I need to support a bunch of security cameras mounted on poles in our parking lot and an IP intercom system mounted on some gates. Because of environmental factors the switches at the poles need to be hardened and the spec from the vendor installing the gear is for GarretCom Industrial unmanaged switches which would make sense.

However when Information Security got wind of this scheme they (probably correctly) are requiring me to secure the ports that these unmanaged switches connect to. I have 2 choices: port security w/ MAC filtering or 802.1x.
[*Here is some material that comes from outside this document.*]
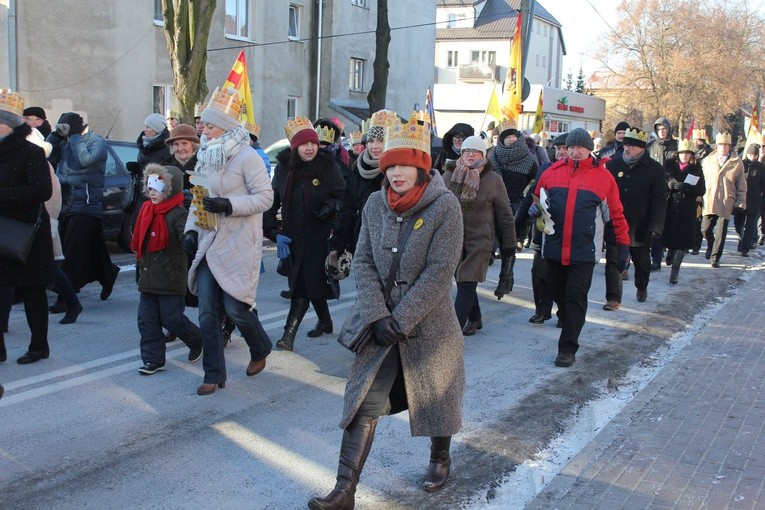 Orszak Trzech Króli w Płocku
Because all the devices at the poles and gates support 802.1x and because I may need to go out there to troubleshoot stuff (and will invariably forget to add the MAC of whatever device I am using) I would prefer 802.1X multi-auth mode.

Problem:

When I ran a quick test on a test 3560 running some 15.0.1 code I could get a laptop to connect via 802.1x EAP-TLS successfully if it was directly connected but when I connected the same laptop via a dumb Netgear switch I confiscated from a luser  it would not connect. The 3560 error said that the laptop never responded.

Question:

Before I spend a whole lot of time on this, is this something that should work? I don't see any practical use for the feature if it won't however the documentation I am using specifically mentions downstream hubs but I am not sure if they mean real hubs (which I don't think are even made anymore) or if they mean unmanaged switches.

I plan to try a couple of different unmanaged switches tomorrow and digg a little but I would like to know if I am wasting my time on something that will never work or if there is a little gotcha somewhere.

Thanks!

4 Replies 4

Nathan Spitzer
Level 1
Level 1

Update: I tried this on a cheap-as-dirt Trendnet TE100-S5 10/100 switch and it worked but tried it on a different Netgear (a Prosafe GS105) and it did not work.
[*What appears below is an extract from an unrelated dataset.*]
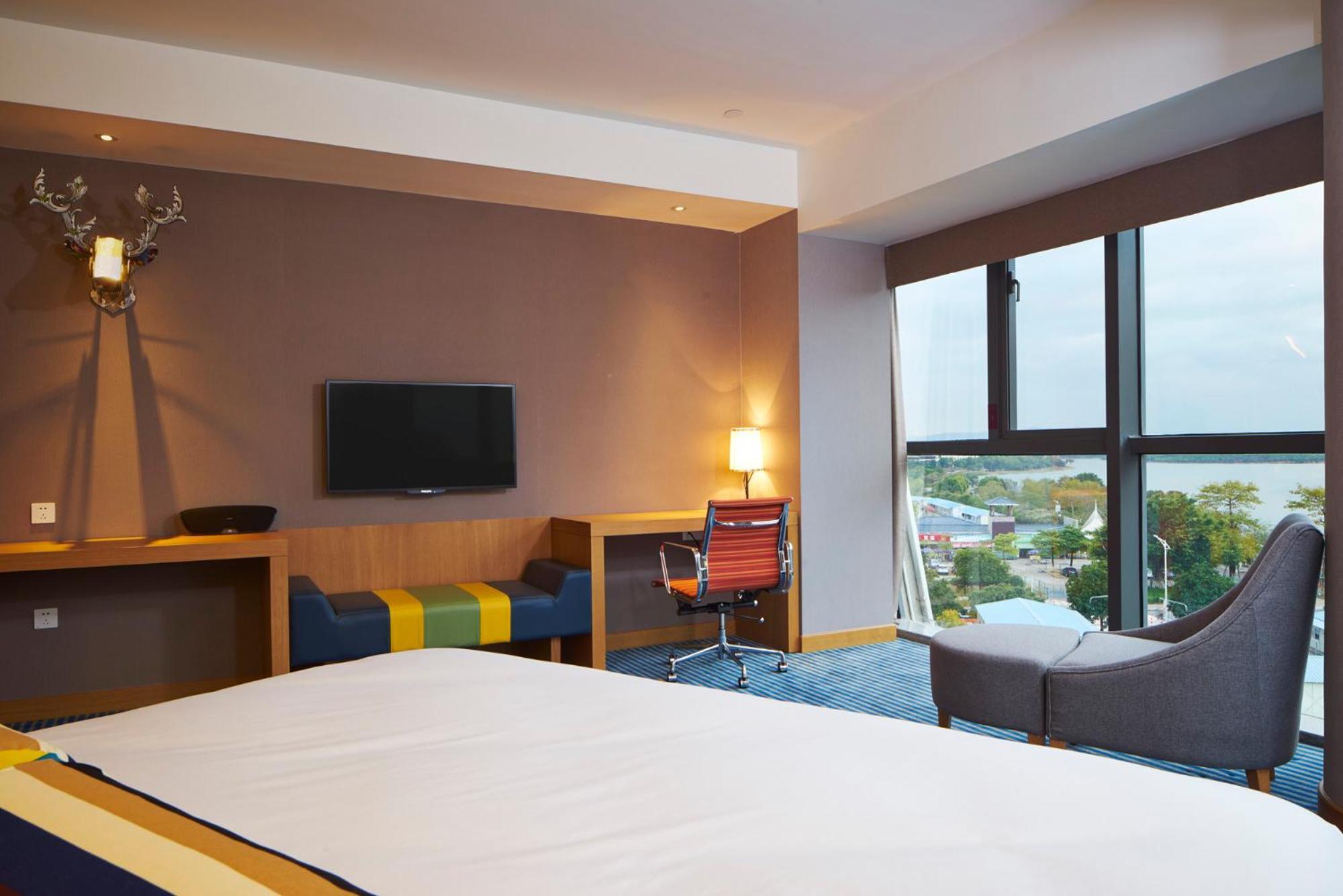 Aloft Dongguan Songshan Lake Экстерьер фото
What could be different on these unamanged switches to cause this?

Just curious if you have implemented. I set up multi-auth in my lab also. Did you stick with trendnet switches or different unmanaged switches? Thx.

Sent from Cisco Technical Support iPad App

HI

I faced same problem. My workaround is MAC (MAB) authentication. I tested with netgear and 3COM.

 

Unmanaged Switches Between MS and Client for RADIUS Authentication

When using PEAP EAP-MSCHAPv2 on an MS switchport, if an unmanaged switch is between the supplicant (user machine) and the RADIUS client (MS) the authentication will fail. The reasoning is explained below:

The destination of the eapol (RADIUS exchange) frame is a special multicast address that 802.1D-compliant bridges do not forward.
This destination is labeled as "nearest" in Wireshark which means that the frame should only be forwarded to the next layer 2 device.
If the unmanaged switch is added into the topology between the client and the MS, the next layer 2 device is the unmanaged switch and because the multi-cast nearest address is not meant to traverse multiple switches, the unmanaged switch drops the packets. This prevents the client from being authorized.

There is a work-around to this but special considerations must be taking before implementing them:

This is not due to a fault in the MS but is the way that eapol is designed.
It is possible to circumvent this by using MAC based RADIUS authentication. If one machine authenticates via MAC based RADIUS through the MS on an unmanaged switch, the machine that has authenticated will be granted access. It is a workaround and it is less secure and requires more configuration on the NPS and DC.